== Problem ==
With all pictures omitted, return verbatim the lines from the beginning of the records below through the line containing "Heat Protection Hair Cream".
╭─ Record set
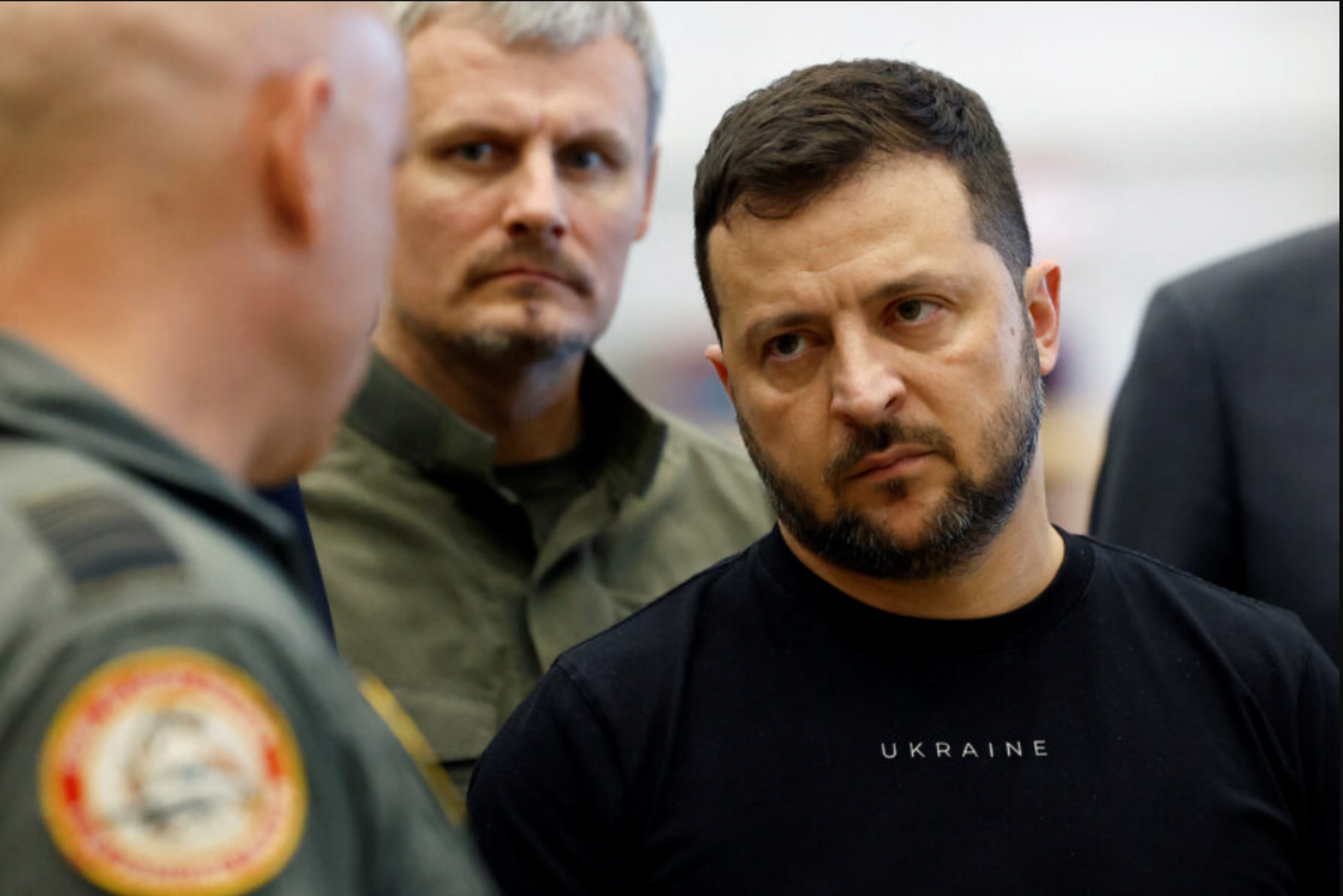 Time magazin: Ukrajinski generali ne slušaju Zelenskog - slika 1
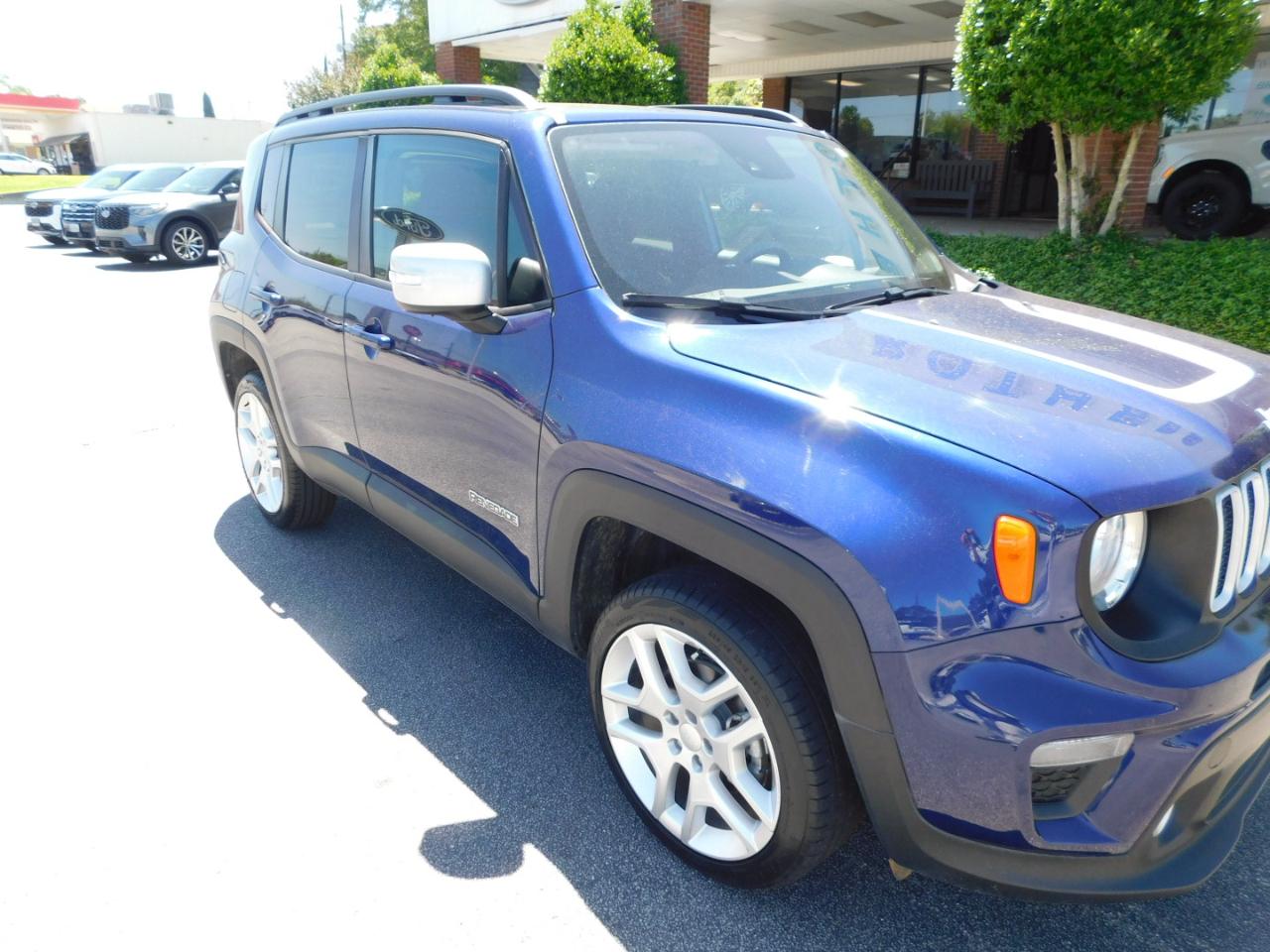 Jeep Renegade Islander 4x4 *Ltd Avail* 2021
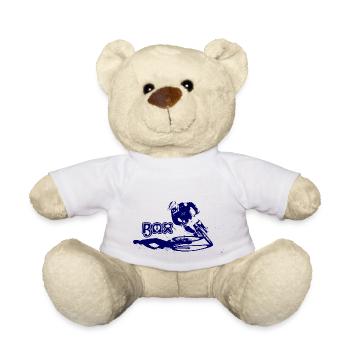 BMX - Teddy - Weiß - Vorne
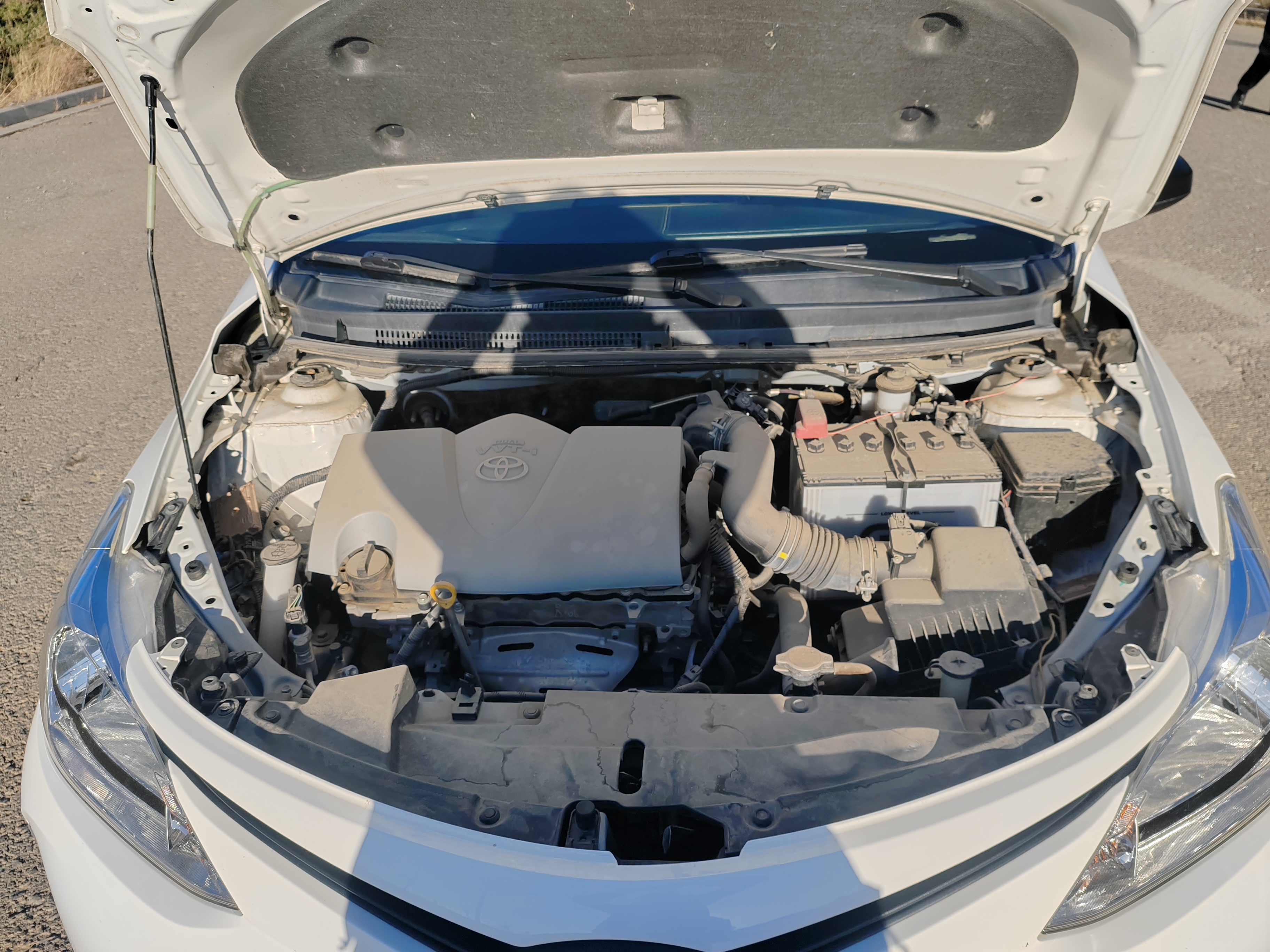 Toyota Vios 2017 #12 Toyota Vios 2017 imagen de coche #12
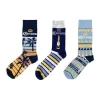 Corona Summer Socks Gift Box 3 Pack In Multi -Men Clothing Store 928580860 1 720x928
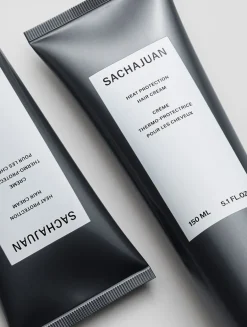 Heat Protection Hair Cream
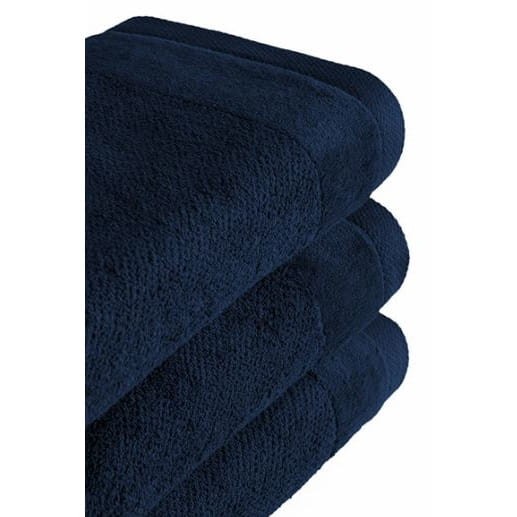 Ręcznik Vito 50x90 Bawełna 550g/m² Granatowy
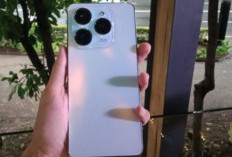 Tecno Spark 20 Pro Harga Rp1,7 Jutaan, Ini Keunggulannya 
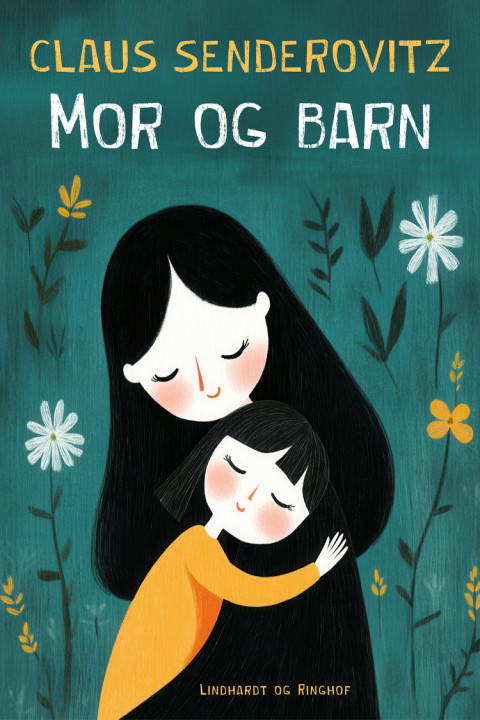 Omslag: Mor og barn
╰─
== Answer area ==
 Time magazin: Ukrajinski generali ne slušaju Zelenskog - slika 1
 Jeep Renegade Islander 4x4 *Ltd Avail* 2021
 BMX - Teddy - Weiß - Vorne
 Toyota Vios 2017 #12 Toyota Vios 2017 imagen de coche #12
 Corona Summer Socks Gift Box 3 Pack In Multi -Men Clothing Store 928580860 1 720x928
 Heat Protection Hair Cream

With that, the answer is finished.